Slash and Burn By Amber Bravo


Slash-Paper Under the Knife
Museum of Arts and Design
Review by Amber Bravo

The interior lobby of the new Museum of Art and Design (MAD) looks as if it’s been hit by a tempestuous paper-shredder, as the entire ceiling is consumed by Andrea Mastrovito’s depiction of a storm seizing Christopher Columbus's ship (as well as our attention). Mastrovito’s paper maelstrom is just one of many impressive pieces in the museum’s latest show, Slash: Paper under the Knife, a multifaceted exhibition whose material limitation belies its expansive vision.

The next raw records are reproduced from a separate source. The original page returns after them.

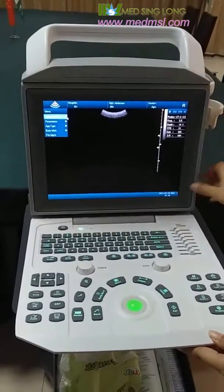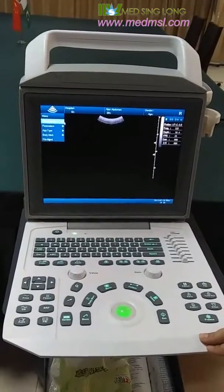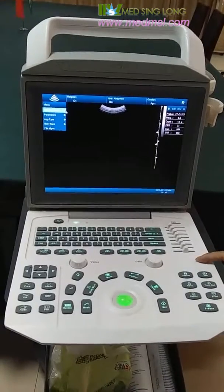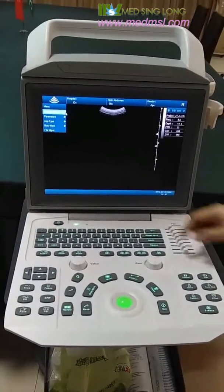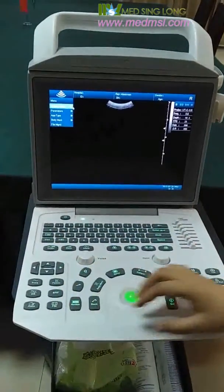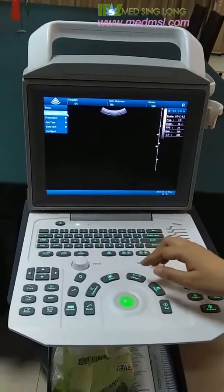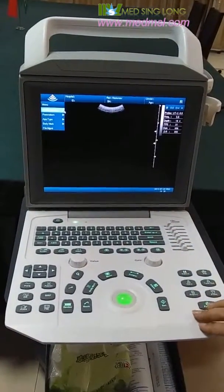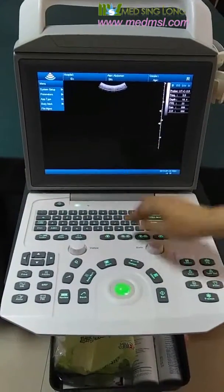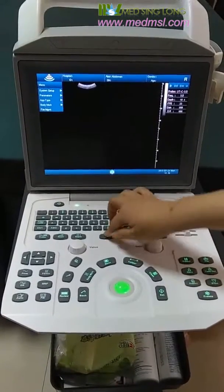You can see this is the control panel. It is divided into different areas according to function. This area is about patient information, this area is about image mode, this area is about parameter adjustment, and this area is about body mark, manual caliper, and so on. Here we have beam mode, double beam mode, and full beam mode.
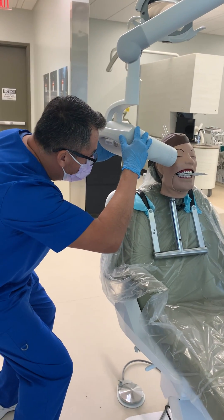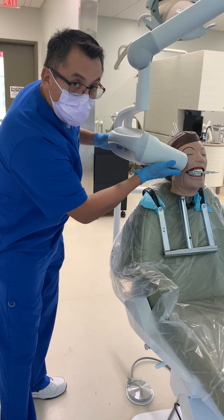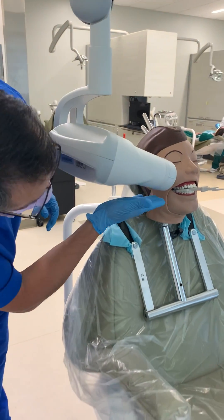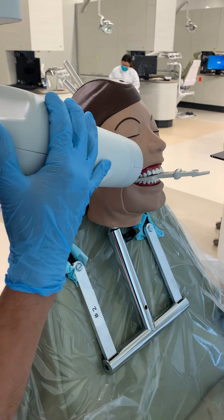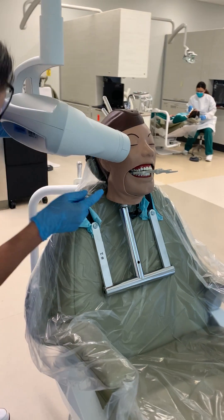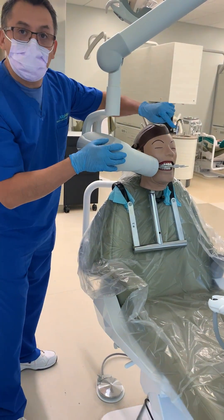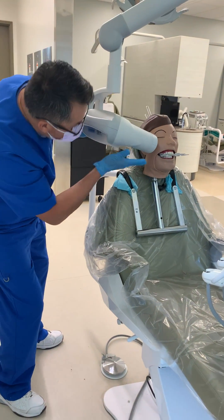There are two things you have to consider. As reference, make sure you align the bottom part of the PID with the snap rate. If it's too high, you're going to get a cone cut. If it's too low, you're going to cone cut the upper portion of the film. So make sure it's aligned at the bottom.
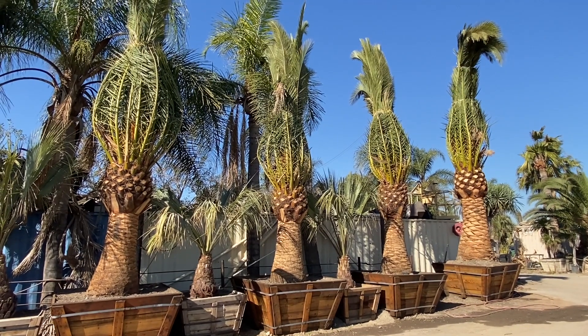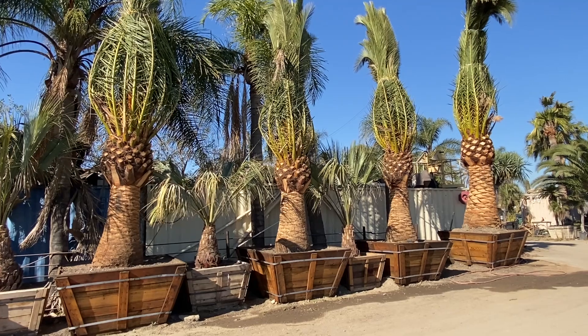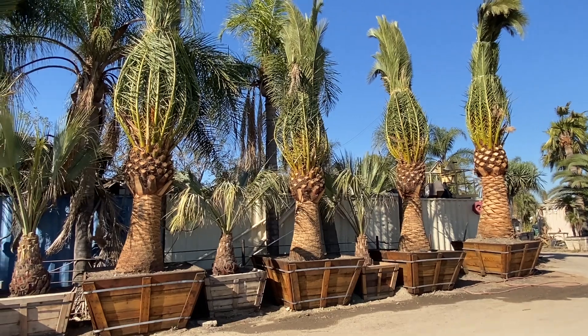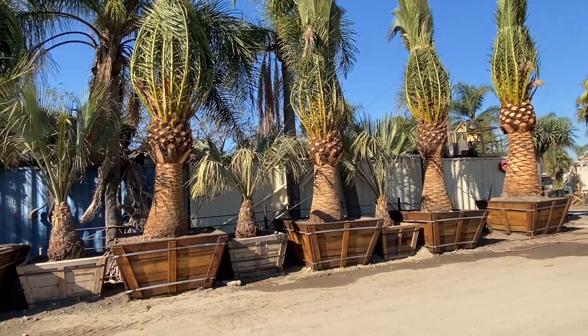Here we have some beautiful Canary Island palm trees, but today we're not going to talk about the Canary Island palm trees themselves. We're going to talk about why we tie these leaves up, and why you see the leaves tied up on all the trees you're looking to buy.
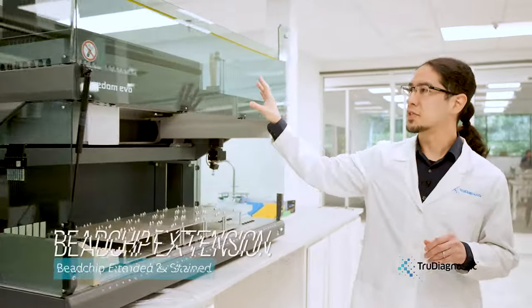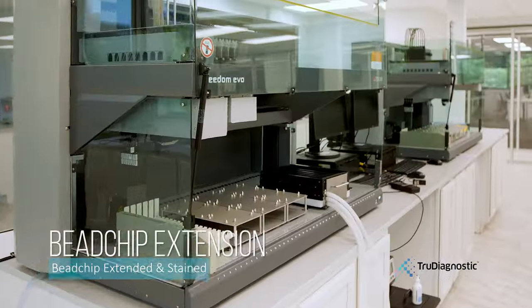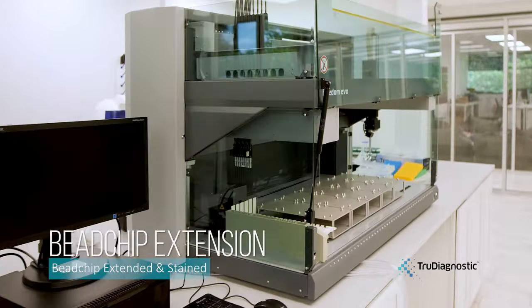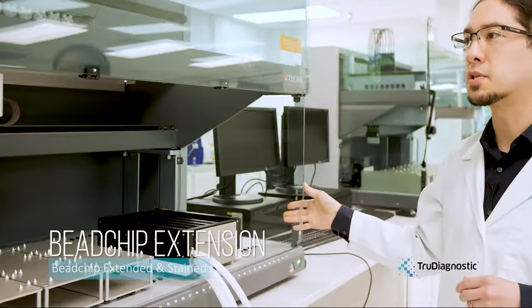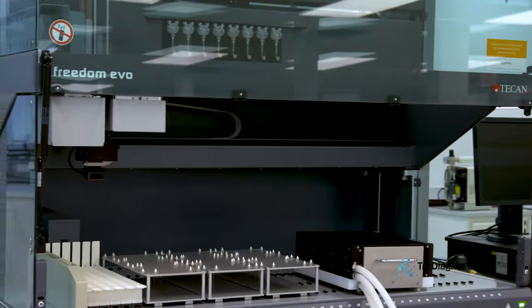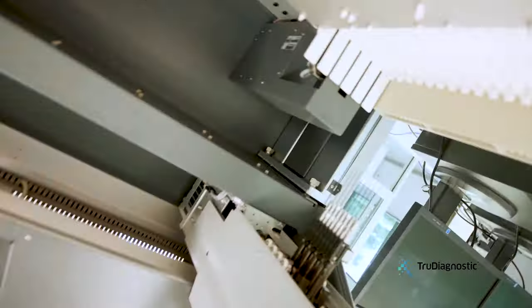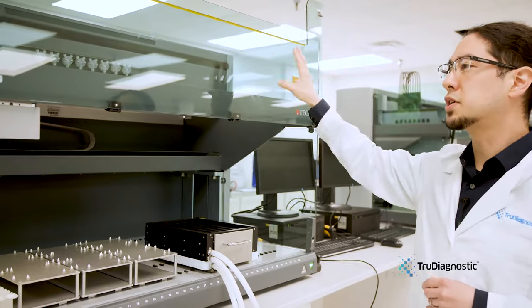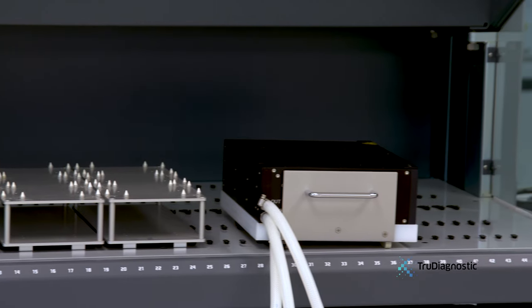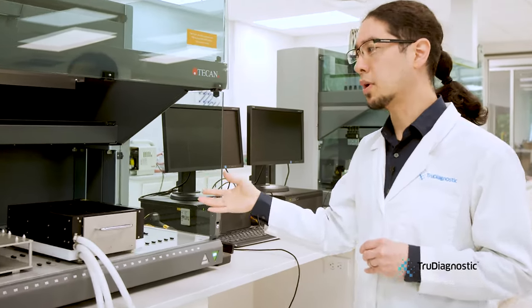What we have here are the TCAN Freedom Evos. These are automation machines that allow us to make the process of extending and staining the bead chips more efficient and smooth. These machines are very unique as they automate this part of the process, because this part of the process is one of the most important.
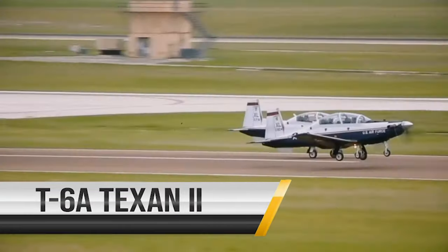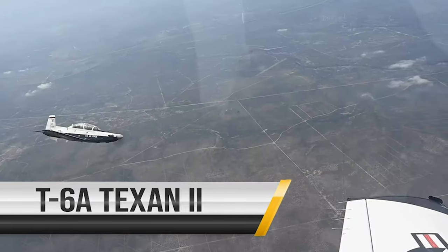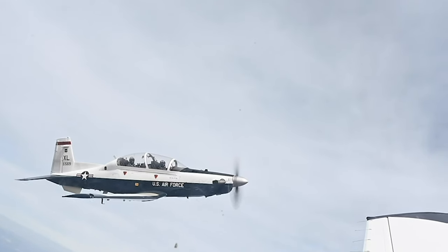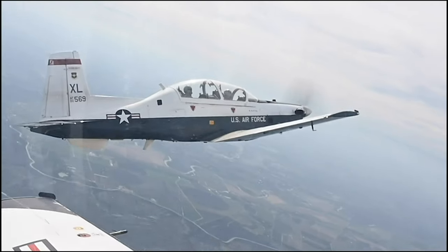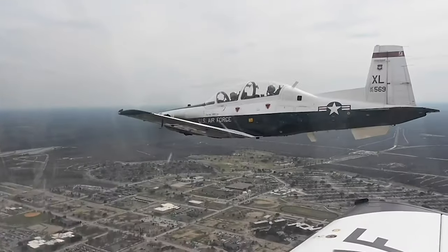The T-6 Texan is a single-engine, two-seat trainer aircraft designed to train joint primary pilot training students. With stepped tandem seating, the Texan is used to provide students with the basic skills necessary to progress to one of four training tracks.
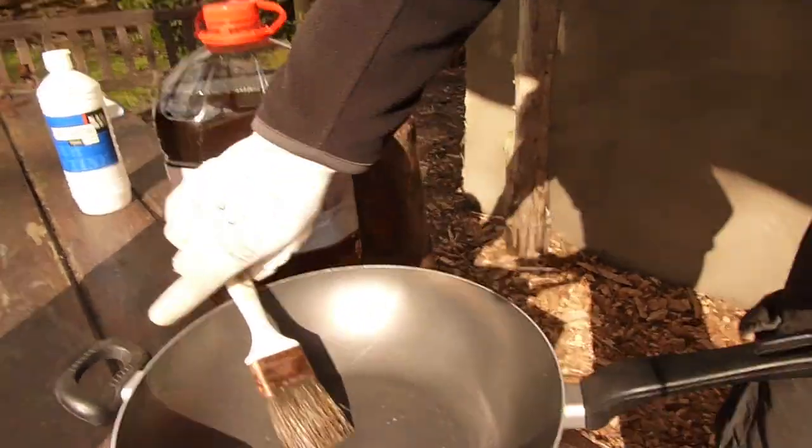4 days later and the wall is perfectly dry. We will now waterproof it. What you need is boiled linseed oil, a pan, and a brush.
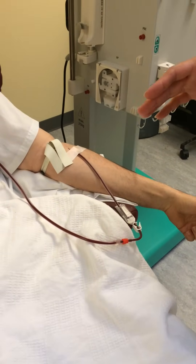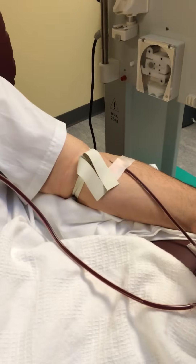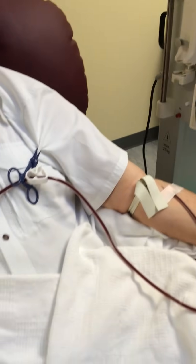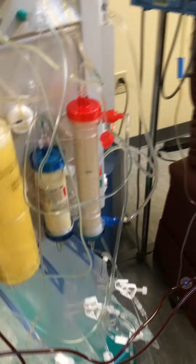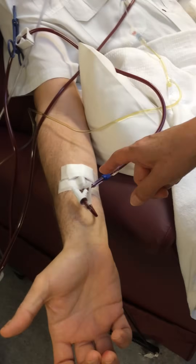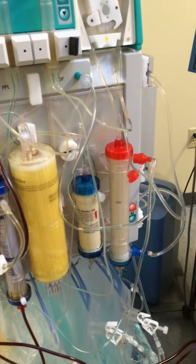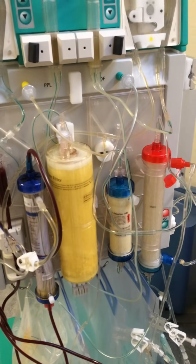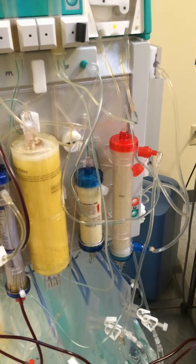This is the HELP LDL apheresis treatment. We start with a blood withdrawal site — we access one vein to withdraw blood from the patient to the machine, which is the B. Braun Futurera. We also need a return site so the blood returns to the patient continuously. There's no point of excessive volume depletion because it's an extracorporeal treatment where blood is continuously circulating out and back.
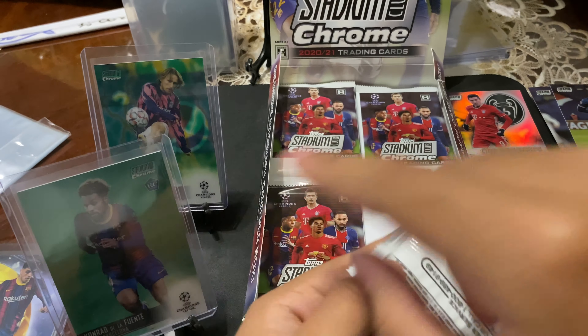One thing, guys — there is a lot of rookies in this product, I am a big fan of that. This whole stack right here is all rookies. That is a lot of rookies. We did get one numbered rookie too, which is Conrad right there — Conrad De La Fuente. Joe Cancelo. Conrad De La Fuente base rookie.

Organised by MAD’s chief curator, David Revere McFadden, Slash is the third instalment of the museum’s Materials and Process series, which previously included Radical Lace and Subversive Knitting in 2007 and last year’s Pricked: Extreme Embroidery. As McFadden explains, “Slash showcases artists whose works surprise for their complexity and content, and not just for their technical virtuosity”–although almost all of the works exhibit some level of virtuosity, whether it be Andrew Scott Ross’s elaborate mural/vignette Stones & Rocks & Bones, which suggests the scale and breadth of human ingenuity and destruction, or Olafur Eliasson’s Your House, which diagrams a house in section encased in a book. Ross’s sweeping, gestural strokes give way to painstakingly detailed silhouettes, whereas Eliasson’s concept (the book itself was designed by Michael Heinman) calls for architectural rigour with its precisely drawn and cut sections.